このように、さまざまなシーンで役立つヘルスケアデータですが、知らない間に情報が第三者に漏れることは避けなければなりません。自身の身体の情報は他人に知られたくないプライベートなデータであるだけでなく、悪意のある第三者にとっては金儲けの道具になるからです。高価な健康食品の広告を出したり売り込みをかけるために、他人のヘルスケアデータを欲しがる人は世界中にいます。

アップルも、ヘルスケアデータは意図せず外部に漏らしてはいけない重要なプライバシー情報の1つだと認識しており、iPhoneなどのデバイスにはプライバシーを守るためのさまざまな仕組みを用意しています。大事なデータを不用意に他人に渡さないためにも、改めてヘルスケアデータのプライバシー保護の取り組みをおさらいしておきましょう。

  • アップルが、ヘルスケアデータのプライバシー保護機能の重要性を伝える新しいCMを発表した。この機会に、大切なヘルスケアデータをしっかり保護できているかを振り返ってみたい

【動画】アップルが公開した新しいテレビCM。病院の待合室にいる人の大事な健康データが意図せずあらわになっているが、iPhoneならばそれらの情報を外部に漏れ出すのを防げるので安心、という内容だ

アプリの導入後でも、ヘルスケアデータの取り扱いは変更できる

アップルは、ヘルスケアデータを守るための基本原則として「収集するデータは最小にとどめる」「データの処理はクラウドではなくオンデバイスで実行し、端末外に出す必要をなくす」「データは暗号化し、端末内やiCloudに保存したデータはアップルでさえも読み取れなくする」「ヘルスケアデータはユーザーの許可なく共有できず、サードパーティー製アプリと共有するかどうかはユーザーのみが決められる」といった点を整えています。基本的に、ユーザーが許可しなければ、ヘルスケアデータは厳重に暗号化された状態で端末内にとどまるため、第三者に漏れることはありません。

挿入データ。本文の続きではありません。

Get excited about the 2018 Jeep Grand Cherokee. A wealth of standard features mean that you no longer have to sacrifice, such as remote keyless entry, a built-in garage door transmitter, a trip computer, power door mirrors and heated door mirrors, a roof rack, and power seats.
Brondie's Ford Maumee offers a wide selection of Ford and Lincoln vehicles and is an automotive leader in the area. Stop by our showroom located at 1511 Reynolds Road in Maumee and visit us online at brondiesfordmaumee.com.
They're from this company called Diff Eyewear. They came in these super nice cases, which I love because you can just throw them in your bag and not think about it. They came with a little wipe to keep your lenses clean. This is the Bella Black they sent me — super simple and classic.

注意したいのが、ヘルスケアデータを利用するサードパーティ製アプリを利用する場合です。アップルは、端末に保存されたヘルスケアデータの流れの透明性を確保するため、まずどのようなデータを参照するかをデベロッパーにApp Storeで明示するよう求めています。「ユーザーに関連付けられたデータ」の項目に「健康とフィットネス」の表示があれば、そのアプリがヘルスケアデータを参照することが分かります。アプリをダウンロードする前に、このラベルを確認しましょう。

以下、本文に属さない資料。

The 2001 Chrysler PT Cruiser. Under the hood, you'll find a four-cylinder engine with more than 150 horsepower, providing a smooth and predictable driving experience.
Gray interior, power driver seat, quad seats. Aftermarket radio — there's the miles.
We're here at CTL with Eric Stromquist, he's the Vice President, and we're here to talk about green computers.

  • プライバシーデータの利用状況を明示したラベルは、App Storeで確認できる(左)。アプリがどのようなヘルスケアデータを参照するかの確認や制御は、設定アプリから実行できる(右)

アプリをインストールしたあとでも、ユーザーはアプリがヘルスケアデータを参照できないように変更できます。設定アプリの「プライバシーとセキュリティ」→「ヘルスケア」を選ぶと、ヘルスケアデータを参照するアプリが一覧で表示されるので、アプリをタップしてどのようなデータを参照しているのかを確認しましょう。右端のスイッチで睡眠や歩数など個々のデータを読み書きできないようにできるほか、「すべてオフにする」をタップすれば一括してブロックできます。余計なデータの読み書きが可能になっていないか、インストールしているアプリをチェックするとよいでしょう。